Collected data

******

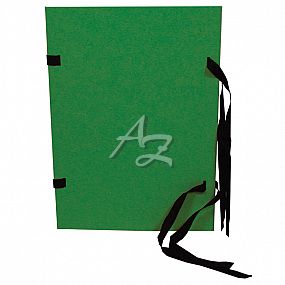 desky s tkanicí A4, prešpán, Zelené tmavé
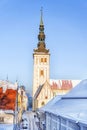 Church of St. Nicholas in Tallinn, Estonia Royalty Free Stock Photo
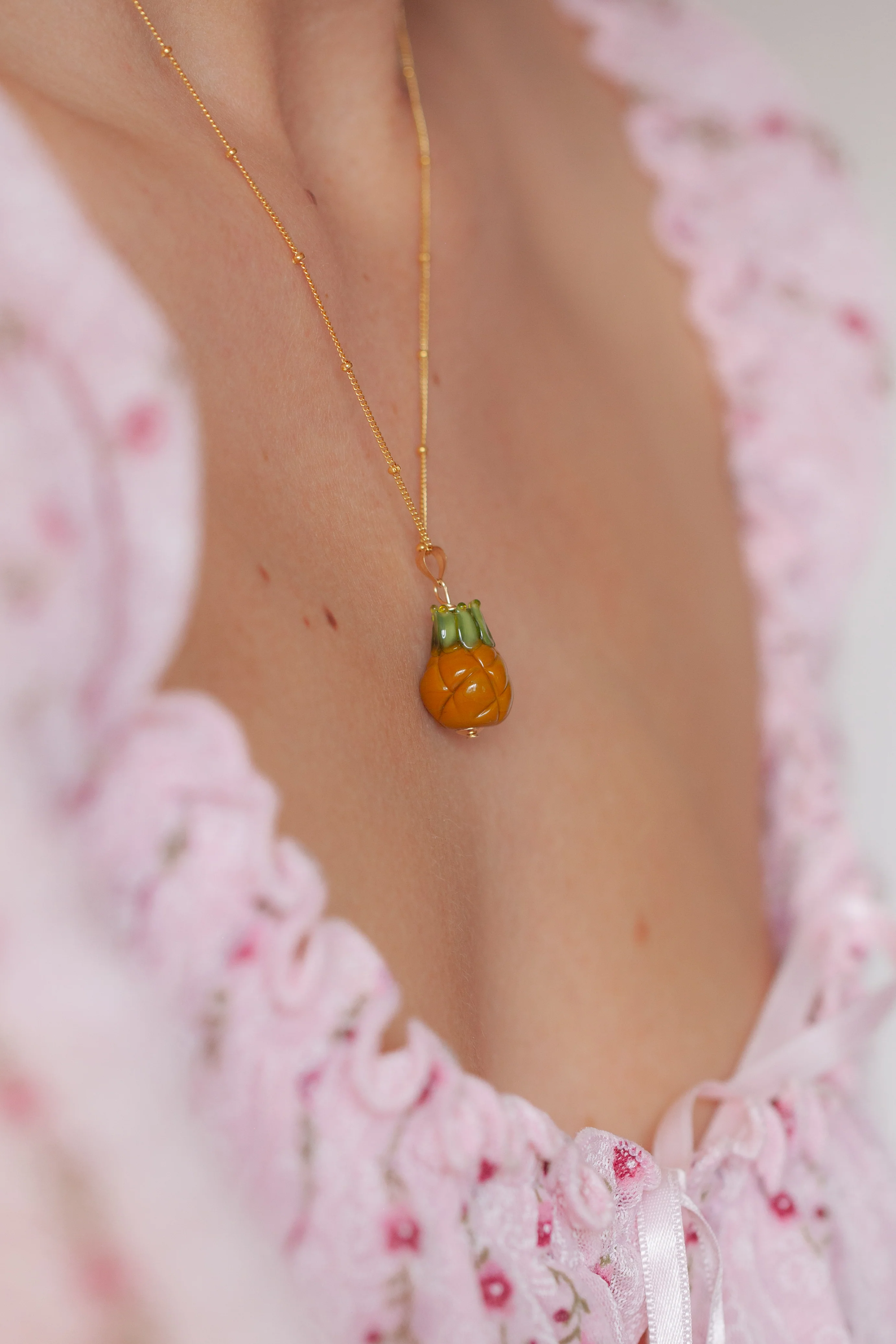 Pineapple Charm Necklace - Image 5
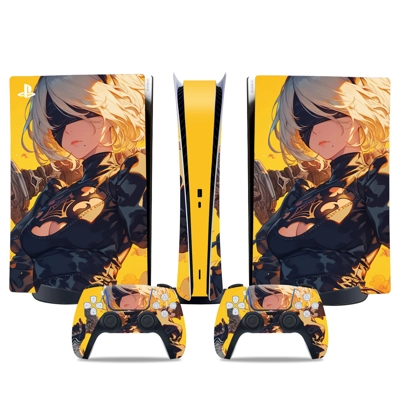 Nier Automata decal skin for PS5 Digital Console and two C.. Nier Automata decal skin for PS5 Digital Console and two C..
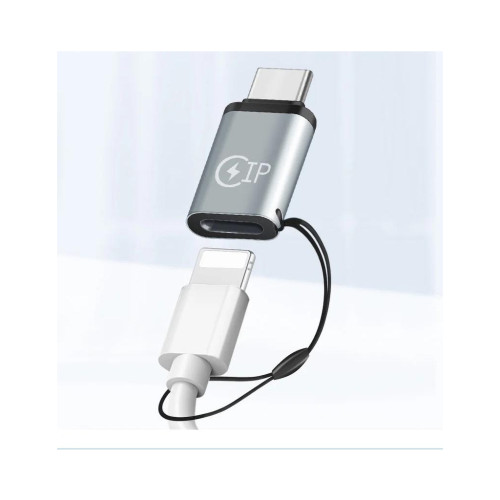 Перехідник Lightning F to USB-C M gray XoKo XK-AC-027 - зображення 4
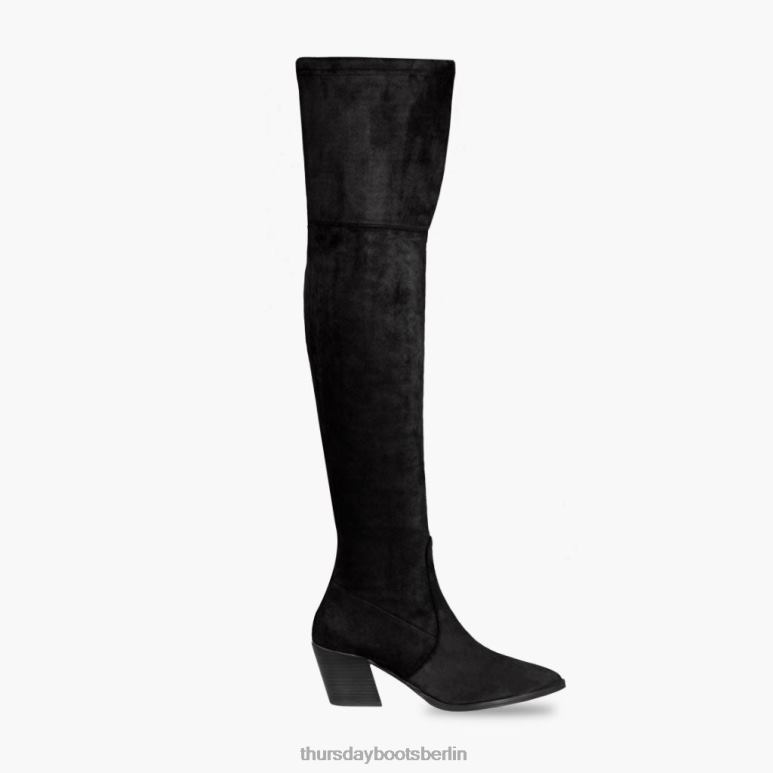 Thursday Boots Sturm Frauen DLHT445 Schuhe Schwarz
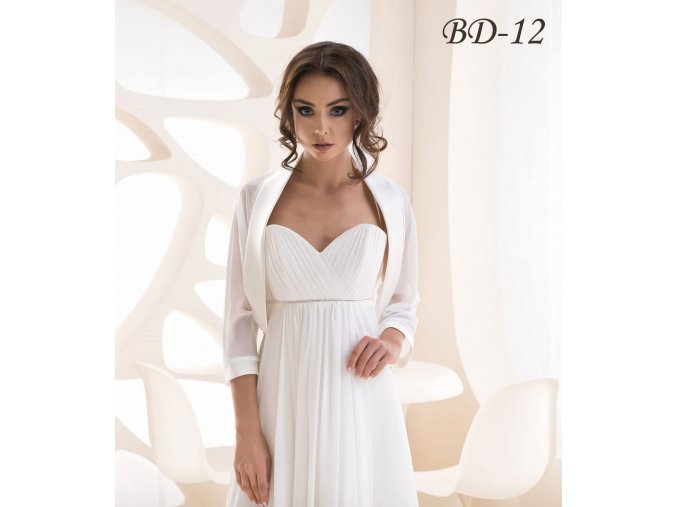 BD-12 biele bolerko na šaty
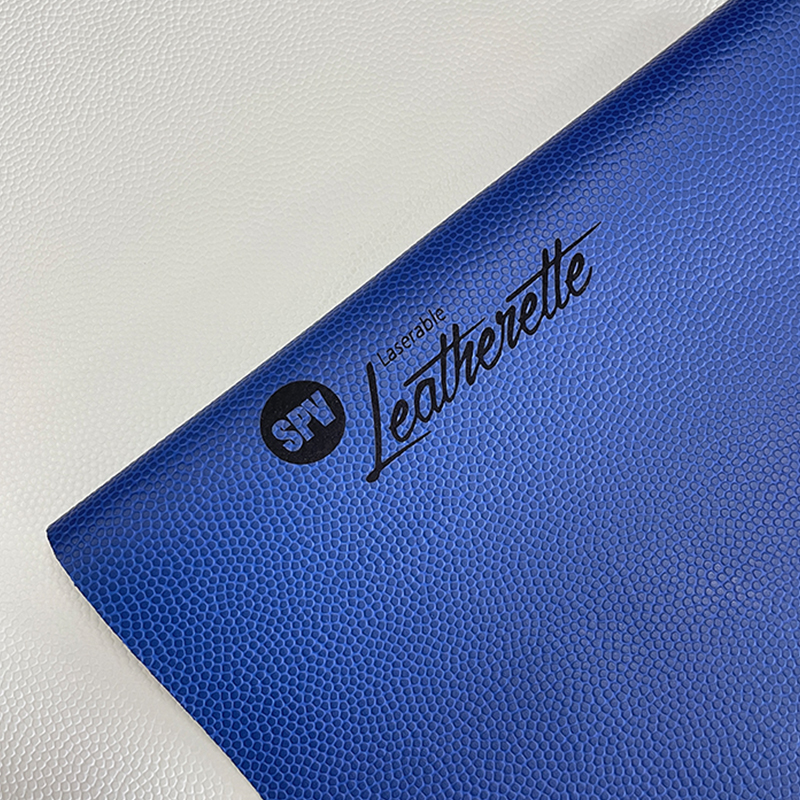 Baskettextur laserbara konstläderlakan med klister/utan klister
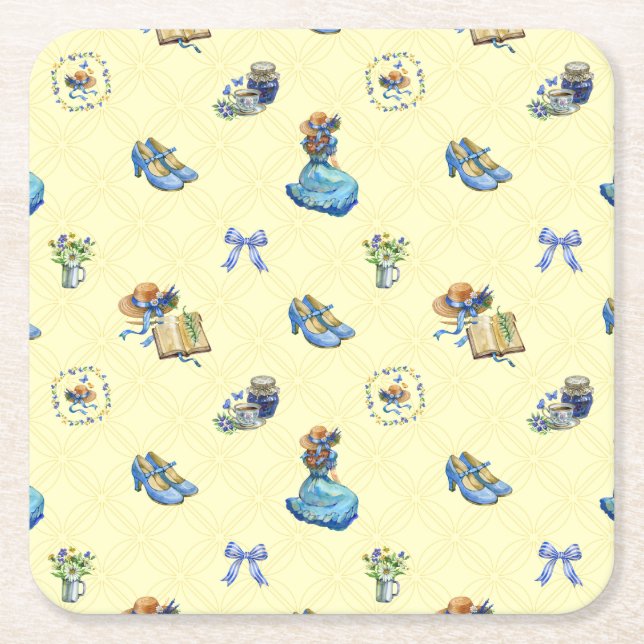 pillow square paper coaster (Front)
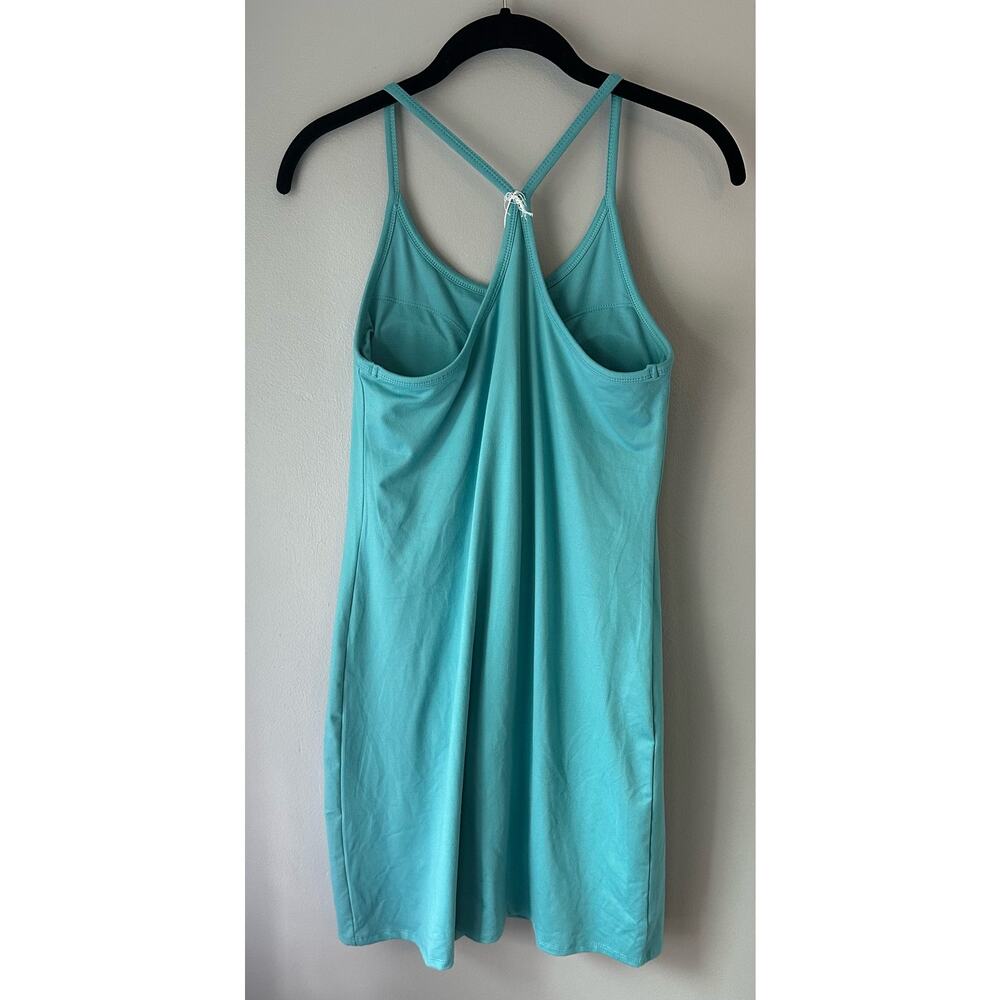 Kyodan Outdoor Womens Size  Small Active Dress Green Stretch Padded Bra Shorts - Picture 2 of 5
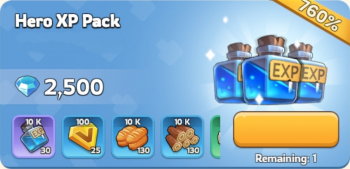 Kingshot : Hero XP Pack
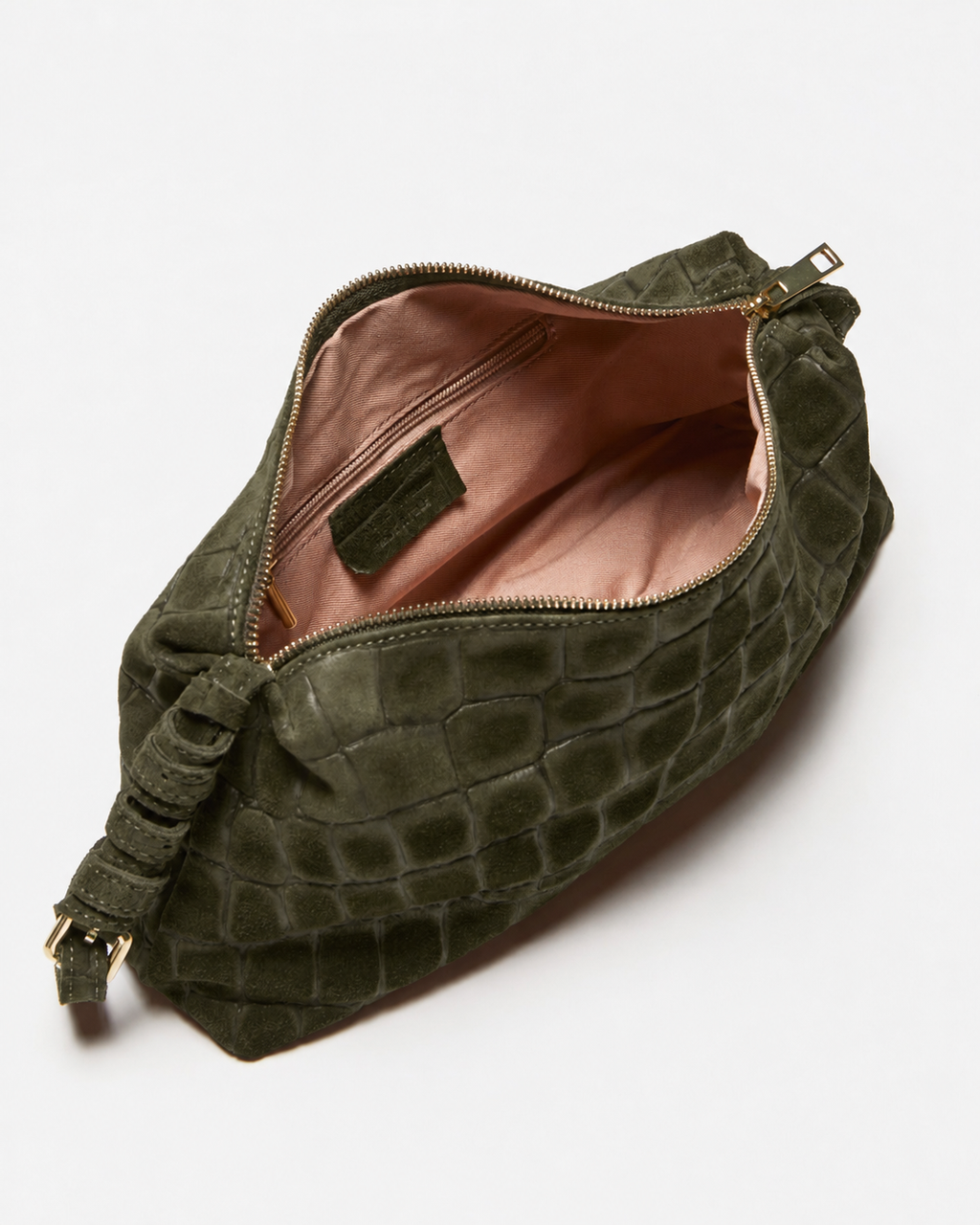 Borsa Baguette Lasonia Patina - Khaki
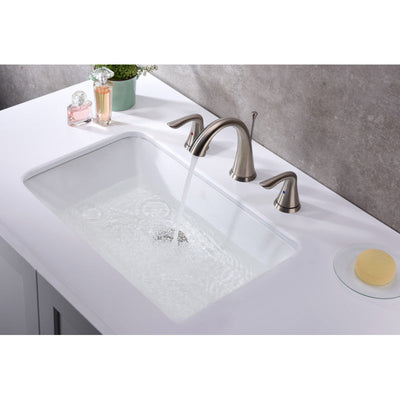 ANZZI Rhodes Series 21 in. Ceramic Undermount Sink Basin in White LS-AZ112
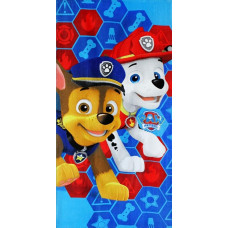 Pludmales dvielis 70x140 Paw Patrol Paw 3577 Suņu brigādes tornis bērniem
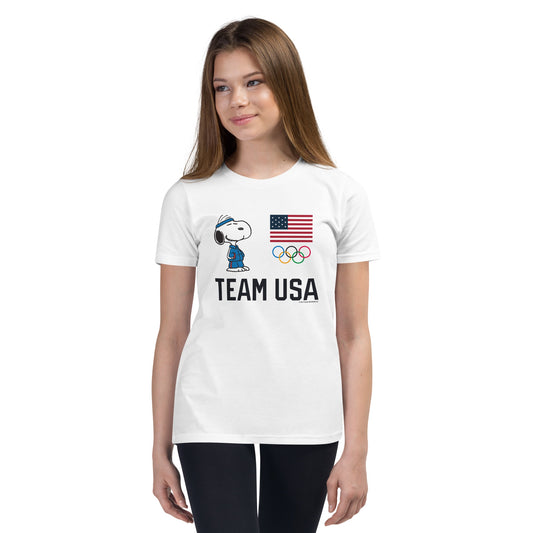Peanuts Snoopy Team USA 5-Rings Kids T-Shirt-3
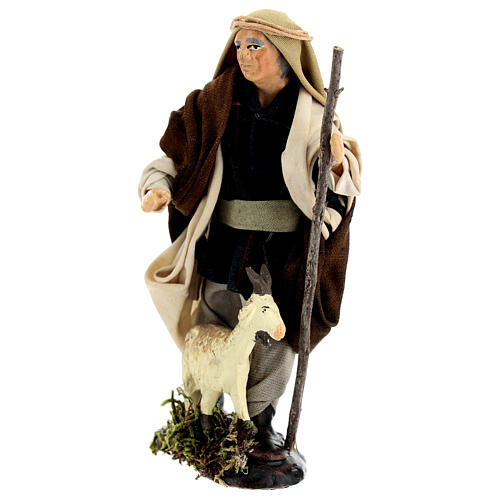 Man with goat for 12 cm Neapolitan Nativity Scene 2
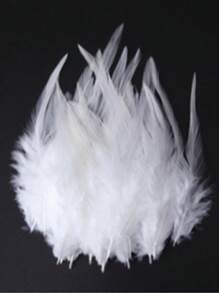 50Pcs/Lot Randomly Mixed 8-15cm White Feathers Diy Jewelry Decoration Feather For Needlework And Handicrafts Accessories Dreamcatcher Decor Plumes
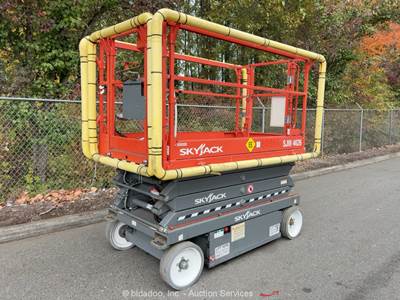 2017 Skyjack SJIII-4626 26' Electric Scissor Lift Man Aerial Platform bidadoo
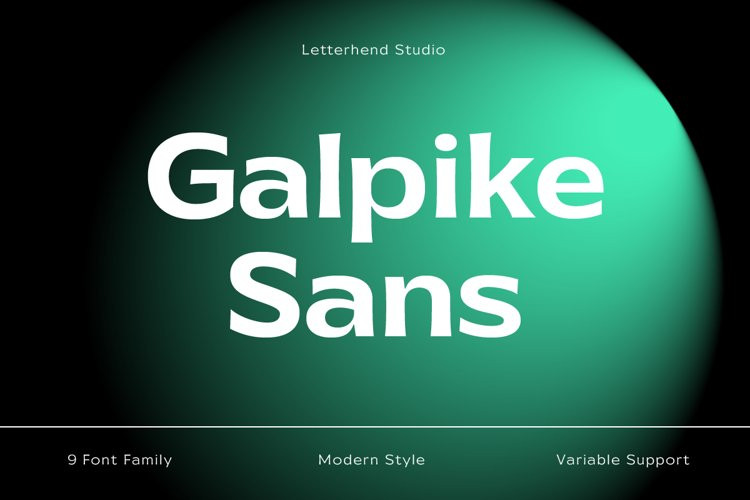 Galpike Sans Serif Font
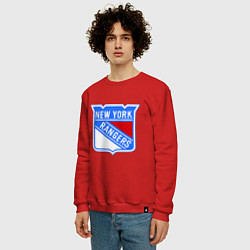 Свитшот хлопковый мужской New York Rangers, цвет: красный — фото 2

******

● EXERCISE REQUIREMENTS
Leave out the images and write out the lines above exactly, from the one with "pillow square paper coaster (Front)" up to and including the one with "50Pcs/Lot Randomly Mixed".

● TASK OUTPUT
 pillow square paper coaster (Front)
 Kyodan Outdoor Womens Size  Small Active Dress Green Stretch Padded Bra Shorts - Picture 2 of 5
 Kingshot : Hero XP Pack
 Borsa Baguette Lasonia Patina - Khaki
 ANZZI Rhodes Series 21 in. Ceramic Undermount Sink Basin in White LS-AZ112
 Pludmales dvielis 70x140 Paw Patrol Paw 3577 Suņu brigādes tornis bērniem
Peanuts Snoopy Team USA 5-Rings Kids T-Shirt-3
 Man with goat for 12 cm Neapolitan Nativity Scene 2
 50Pcs/Lot Randomly Mixed 8-15cm White Feathers Diy Jewelry Decoration Feather For Needlework And Handicrafts Accessories Dreamcatcher Decor Plumes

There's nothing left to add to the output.